» COLLECTED DATA:

####################

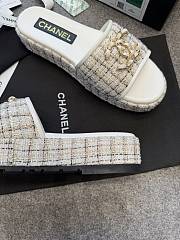 Colestore Chanel Tweed Chain Slides White - 6
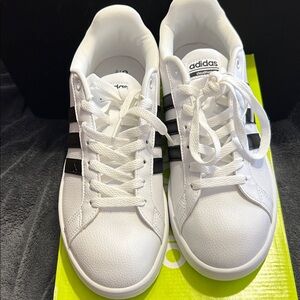 Adidas Classic White Shoes with Black Accents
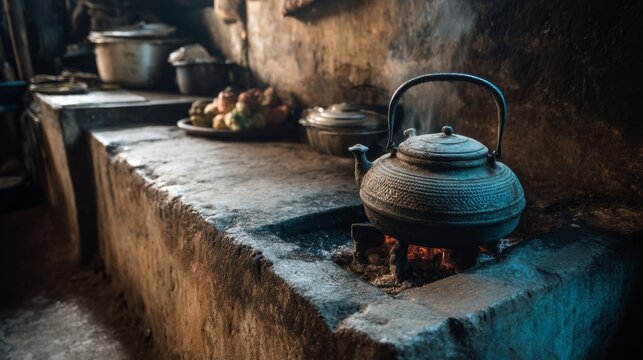 Rustic kitchen scene featuring a traditional stove, cast iron kettle, cooking pots, and simple rustic decor, evoking a sense of nostalgia and homeliness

####################

» HOW TO COMPLETE THIS TASK: Write out the material above exactly. Skip the pictures.

» WRITTEN RESPONSE:
 Colestore Chanel Tweed Chain Slides White - 6
 Adidas Classic White Shoes with Black Accents
 Rustic kitchen scene featuring a traditional stove, cast iron kettle, cooking pots, and simple rustic decor, evoking a sense of nostalgia and homeliness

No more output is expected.